La oportunidad para desmontar el perverso andamiaje de crueldad y muerte levantado a lo largo de la historia por los imperios y las transnacionales sobre esos antros infernales que son las minas, se presenta hoy como nunca antes, tras el rescate con vida de los 33 mineros de las profundidades de una instalación minera cuyos dueños tienen un amplio historial de violaciones en materia de seguridad.
Corresponde por lo tanto al gobierno chileno adelantar las acciones legales correspondientes para sancionar a los autores intelectuales de lo que pudo ser otra tragedia más de las muchas registradas en el país en los últimos años, que han hecho de Chile la nación de la región con mayor número de victimas y accidentes mineros, un acto que está llamado a reivindicarlo ante la historia al imponer finalmente a la Justicia ante a la criminal impunidad que ha regido hasta ahora.
Si en Chile se llega a castigar a esos criminales, se estará honrando la memoria de los millones de hombres, niños ancianos y mujeres muertos en los últimos 500 años en los oscuros y tétricos socavones de Potosí, de Inglaterra, de El Teniente, Pasta de Conchos, San Fernando y miles más diseminadas hoy a lo largo y ancho de América Latina y del resto del mundo.
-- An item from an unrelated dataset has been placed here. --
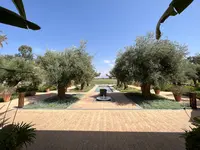 Royal Golf Marrakechの写真・動画_image_517564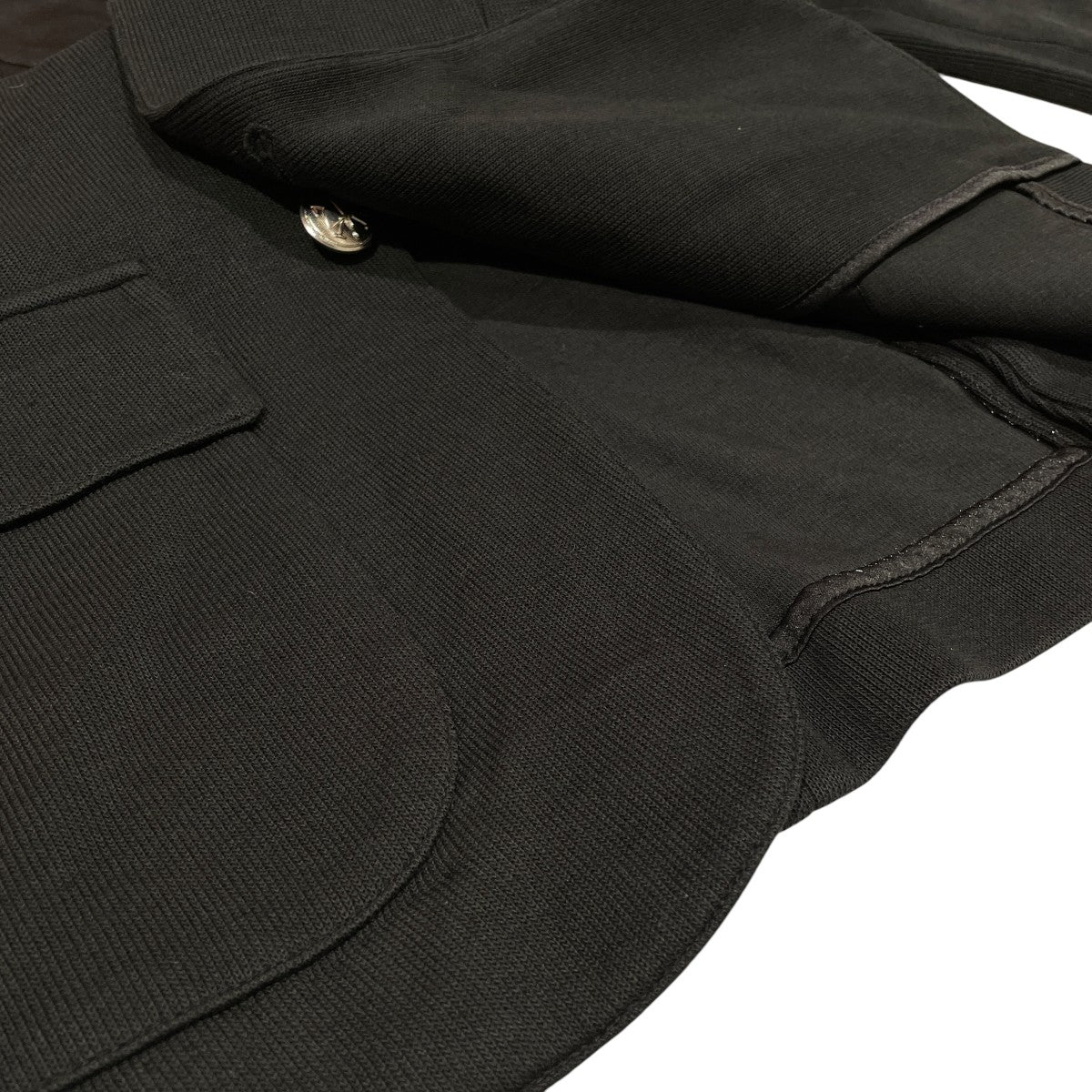 JACKETテーラードジャケット0200011912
Sería el comienzo del fin de las minas inseguras, símbolos de crueldad y desprecio por la vida, donde, junto con el oro, el cobre, la plata, el carbón y otros minerales, se explota a los mineros, seres humanos, que como ayer, hoy siguen siendo enterrados vivos por miles, víctimas de explosiones y derrumbes en esas fosas comunes, diabólicos engendros, vergüenza de la humanidad, creados por los imperios y heredados por las transnacionales.